The greedy side of the LASSO: New algorithms for weighted sparse recovery via loss function-based orthogonal matching pursuit
Sina Mohammad-Taheri, Simone Brugiapaglia
TL;DR
The paper tackles weighted sparse recovery by bridging greedy algorithms and convex relaxations through loss-function-based OMP. It develops WLASSO-, SR-LASSO-, and WLAD-LASSO-based OMP variants, deriving explicit loss-reduction formulas that allow greedy index selection and local data-fitting updates. The key contributions include explicit formulas for loss reductions, noise-robust tuning behavior for SR-LASSO, and fault tolerance for LAD-LASSO, with empirical evidence showing improved accuracy and runtime efficiency over standard OMP. The approach provides a principled way to incorporate prior information and different noise models into greedy sparse recovery, with strong implications for high-dimensional function approximation and compressive sensing tasks.
Abstract
We propose a class of greedy algorithms for weighted sparse recovery by considering new loss function-based generalizations of Orthogonal Matching Pursuit (OMP).
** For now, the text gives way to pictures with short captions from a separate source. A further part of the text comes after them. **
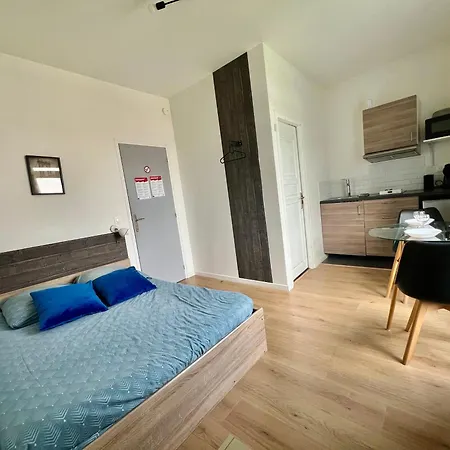 Apartment Ideal Pro I Centre-ville & Parking Gratuit Chatellerault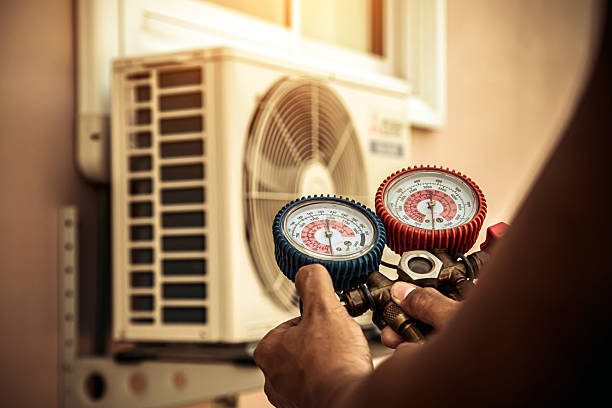 Professional Ductwork Repair technician working in Rudy, AR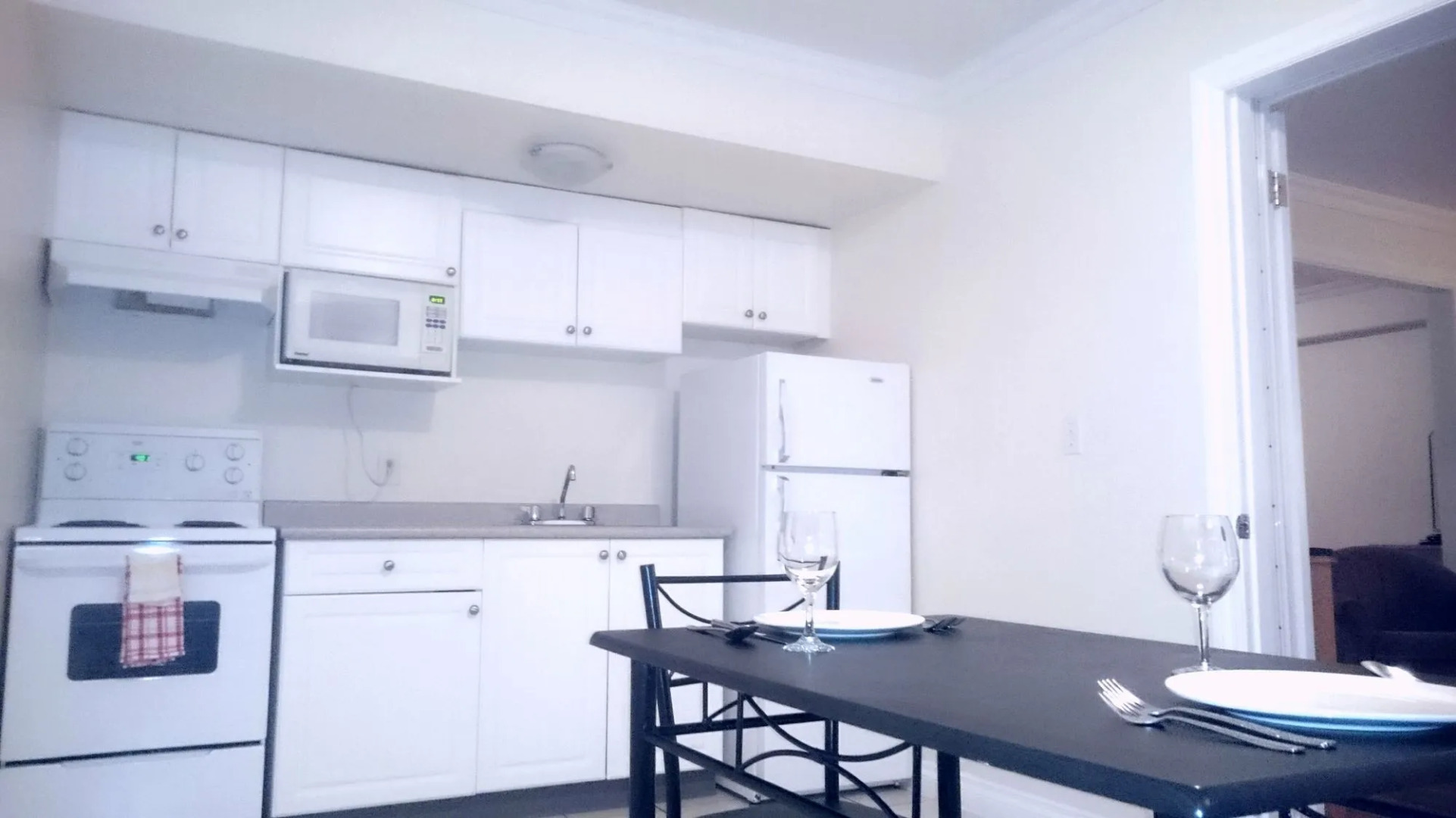 Holiday Inn Victoria Elk Lake by IHG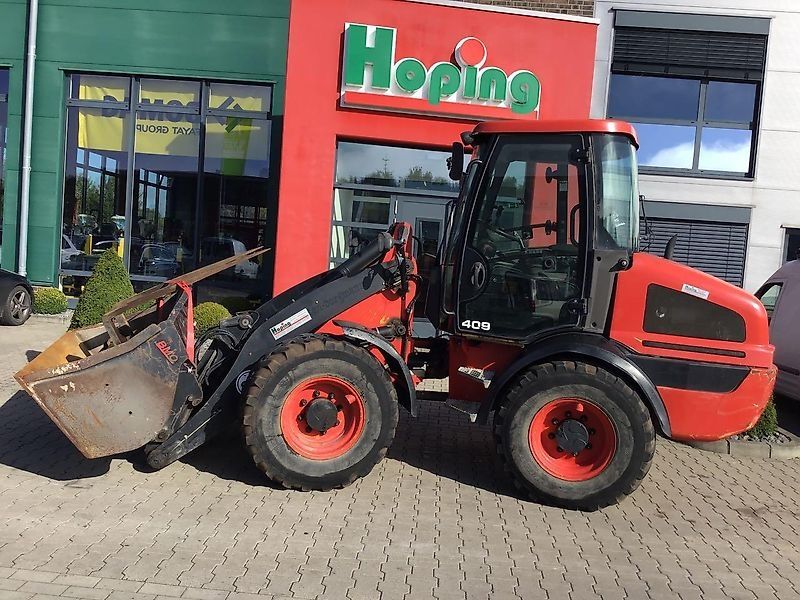 E-FARM: JCB 409 - Chargeuse sur pneus - id BJ9YBT5 - 32 000 € - Année: 2016 - Lecture du nombre d'heure: 3 350,Allemagne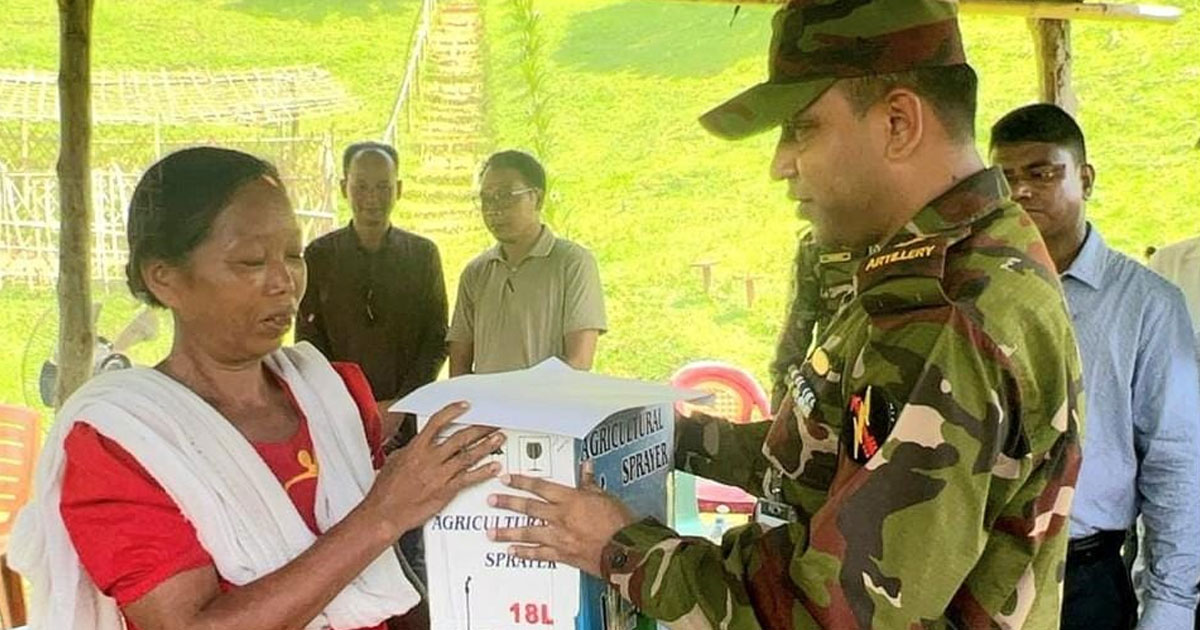 লক্ষ্মীছড়িতে কৃষি ব্যবস্থাপনা প্রশিক্ষণার্থীদের নানান উপকরণ বিতরণ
Given a (regularized) loss function, the proposed algorithms alternate the iterative construction of the signal support via greedy index selection and a signal update based on solving a local data-fitting problem restricted to the current support. We show that greedy selection rules associated with popular weighted sparsity-promoting loss functions admit explicitly computable and simple formulas. Specifically, we consider $ \ell^0 $- and $ \ell^1 $-based versions of the weighted LASSO (Least Absolute Shrinkage and Selection Operator), the Square-Root LASSO (SR-LASSO) and the Least Absolute Deviations LASSO (LAD-LASSO). Through numerical experiments on Gaussian compressive sensing and high-dimensional function approximation, we demonstrate the effectiveness of the proposed algorithms and empirically show that they inherit desirable characteristics from the corresponding loss functions, such as SR-LASSO's noise-blind optimal parameter tuning and LAD-LASSO's fault tolerance. In doing so, our study sheds new light on the connection between greedy sparse recovery and convex relaxation.